What to do about clobbering of packages in the prefix
What should we do when packages ship packages beyond themselves in site-packages. For instance if I have a package that ships itself and requests in site-packages that means that conda may no longer control what requests is installed, which could be problematic.
@conda-forge/core
edit: this effects the entire prefix and we should address all of that at once
Here are two ideas for this.
Only Critical packages
- Determine a list of packages that considered critical infrastructure for security or other reasons.
- build up the mapping from files in the prefix to feedstocks
- add checks of this mapping somehow
All Packages
- Use libcfgraph to build up a mapping of possible files in the PREFIX to feedstocks
- have CI jobs compute any conflicts
- have CI jobs use their feedstock token to get the heroku server to post a lint comment on the PR
We could do both.
On the technical side for the second thing, we store the mappings in a github repo and then make http requests to github to pull down json blobs with the data.
For the security-based one, we can use similar mechanisms but we need to do all of the unpacking and checking ourselves. The heroku server cannot support this load, but we can use cf-staging as a place to store validated packages before some other server pulls them to do the check.
We could also make it easier for people in the test section of the recipe. Currently we often test for files using the commands test section which is really cumbersome and hard to get right. I am thinking about adding some macros to boa to check for the existence of a shared library (cross-platform), a python module in site packages, a cmake file etc.
If we design these macros nicely enough we could then warn about superfluous files ...
warning is not enough. it's a security issue as well.
Also, adding stuff to boa is not going to be enough unless you would contribute those to conda-build.
Sure, these could be good things to upstream. I hope to add package testing to boa next week
We actually need this check in quetz to reject uploads of things that clobber. Anyone could simply remove a check in boa when building on a CI service.
I think that removal depends on how it is implemented, if it is a check in the recipe then yes that is removable. If it is a check applied via the boa/conda-build source code that would be more difficult to skirt.
How will conda-build know that a package is clobbering another?
We can provide it with an API which returns if a file clobbers something already on conda-forge. I presume it has all the files in the prefix handy
If it is a check applied via the boa/conda-build source code that would be more difficult to skirt.
more difficult is not good enough here if we are calling this a security issue.
You would have to edit the source code of conda-build/boa itself. I'm not certain if there are schemes to do that in a recipe but we could (and most likely should) have the build system hash itself when performing sensitive tasks. That way we can check if the build system was modified in some way during the build.

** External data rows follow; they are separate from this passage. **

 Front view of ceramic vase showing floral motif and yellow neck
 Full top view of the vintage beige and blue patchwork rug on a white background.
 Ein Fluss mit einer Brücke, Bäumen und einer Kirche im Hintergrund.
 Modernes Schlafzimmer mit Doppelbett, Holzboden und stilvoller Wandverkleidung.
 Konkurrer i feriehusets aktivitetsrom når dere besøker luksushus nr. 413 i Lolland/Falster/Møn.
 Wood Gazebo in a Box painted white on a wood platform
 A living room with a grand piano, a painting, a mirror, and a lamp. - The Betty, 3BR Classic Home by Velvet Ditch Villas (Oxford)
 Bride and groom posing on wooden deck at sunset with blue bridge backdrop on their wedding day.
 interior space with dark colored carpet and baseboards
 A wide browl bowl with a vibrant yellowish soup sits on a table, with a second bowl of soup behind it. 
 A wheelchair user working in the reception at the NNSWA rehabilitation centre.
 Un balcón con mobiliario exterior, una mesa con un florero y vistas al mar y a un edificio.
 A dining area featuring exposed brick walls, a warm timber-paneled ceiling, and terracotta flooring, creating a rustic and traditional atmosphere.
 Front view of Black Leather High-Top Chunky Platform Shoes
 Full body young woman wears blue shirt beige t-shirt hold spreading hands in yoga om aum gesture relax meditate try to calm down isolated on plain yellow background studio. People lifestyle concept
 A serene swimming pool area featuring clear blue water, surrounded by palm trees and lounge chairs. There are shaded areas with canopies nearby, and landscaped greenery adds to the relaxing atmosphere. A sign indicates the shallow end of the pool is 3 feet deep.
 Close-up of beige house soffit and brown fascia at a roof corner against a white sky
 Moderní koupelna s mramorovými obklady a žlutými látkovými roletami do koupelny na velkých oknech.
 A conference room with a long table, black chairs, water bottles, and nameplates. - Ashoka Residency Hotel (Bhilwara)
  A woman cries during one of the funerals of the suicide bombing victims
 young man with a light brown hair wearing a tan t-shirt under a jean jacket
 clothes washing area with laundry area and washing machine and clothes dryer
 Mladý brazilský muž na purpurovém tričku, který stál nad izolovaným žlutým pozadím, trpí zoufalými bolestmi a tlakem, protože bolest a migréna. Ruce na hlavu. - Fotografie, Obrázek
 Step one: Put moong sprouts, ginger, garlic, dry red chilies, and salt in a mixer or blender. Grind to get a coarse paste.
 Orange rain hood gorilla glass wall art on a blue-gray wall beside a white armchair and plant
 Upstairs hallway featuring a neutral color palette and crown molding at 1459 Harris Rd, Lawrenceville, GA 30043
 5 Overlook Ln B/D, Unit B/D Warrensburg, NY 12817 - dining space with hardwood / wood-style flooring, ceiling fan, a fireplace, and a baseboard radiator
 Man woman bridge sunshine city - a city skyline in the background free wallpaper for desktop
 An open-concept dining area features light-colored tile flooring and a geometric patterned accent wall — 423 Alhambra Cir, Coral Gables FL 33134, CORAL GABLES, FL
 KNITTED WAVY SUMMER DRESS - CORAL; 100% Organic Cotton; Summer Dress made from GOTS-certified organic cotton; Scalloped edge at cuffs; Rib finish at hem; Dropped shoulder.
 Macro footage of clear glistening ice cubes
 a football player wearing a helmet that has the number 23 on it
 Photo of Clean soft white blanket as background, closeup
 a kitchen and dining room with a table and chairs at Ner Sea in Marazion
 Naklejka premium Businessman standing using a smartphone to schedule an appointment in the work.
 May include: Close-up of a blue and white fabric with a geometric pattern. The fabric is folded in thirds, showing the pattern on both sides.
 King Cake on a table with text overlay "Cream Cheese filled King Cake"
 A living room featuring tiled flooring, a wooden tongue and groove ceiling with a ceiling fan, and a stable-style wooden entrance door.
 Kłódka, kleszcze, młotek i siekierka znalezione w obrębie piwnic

Ok there are two aspects to this: one is securing against malicious packages and the other is to make it easier for packagers to not unintentionally clobber. But yeah, I would be happy to help with development wrt to quetz as well! We're working really hard on it right now and with the plugin system in place we could totally think about rejecting uploads like this, and indexing all files in a database.
We're working really hard on it right now and with the plugin system in place we could totally think about rejecting uploads like this, and indexing all files in a database.
Yup. This coupled with package signing and a way for us to administer the outputs clobbering checks we already do would help us centralize our infrastructure and possibly replace cf-staging with something less hacky and more secure.
Something that may look like clobbering but is not really is when a package get split into two. For example foobar-static may appear to clobber files from an earlier version of foobar (from before splitting static libraries).
Yes, we observe that with matplotlib vs. matplotlib-base so we'll need to handle exceptions to our "no clobbering" policy. We'll also need to handle cases where clobbering is expected, in the case of direct API/ABI replacement.
One way to address this would be to
- Build a mapping of files to packages.
- Use this information to display the clobbering in the quetz front-end when inspecting a package.
The maintainers of e.g. the Python package would probably be worried to see some random package clobber python files, while matpltolitb feedstock maintainers would not.
We will have to special-case these things like we do for outputs. Again if we are going to approach this as a security issue then simply displaying things in a front-end is not sufficient.
I have written down my ideas for easier file-existence tests here: https://github.com/mamba-org/boa/issues/93
I'd be happy about input. I think adding this to conda-build wouldn't be too hard (I just finished the port of the test-running capabilities to boa, so I think that should be OK).
Following up on this old thread. Conda does have a way of converting clobber warnings to errors via the path_conflict value in condarc
If we were ok letting feedstocks configure this as an error (like we do with linking checks), this would provide feedstocks a way of fixing clobbering issues and then enabling this configuration parameter to raise errors instead (to avoid regressions)
Proposed a way we might allow some condarc keys in conda-forge.yml with PR: https://github.com/conda-forge/conda-forge-ci-setup-feedstock/pull/364
That's part of it, but only local to the packages co-installed at test time. If we want global checks, I think we could leverage the conda-forge-paths database dumps (this is effectively what the files-to-artifacts mapping people were referring to) and run some queries in CI. Possibly in a post-verify step or something.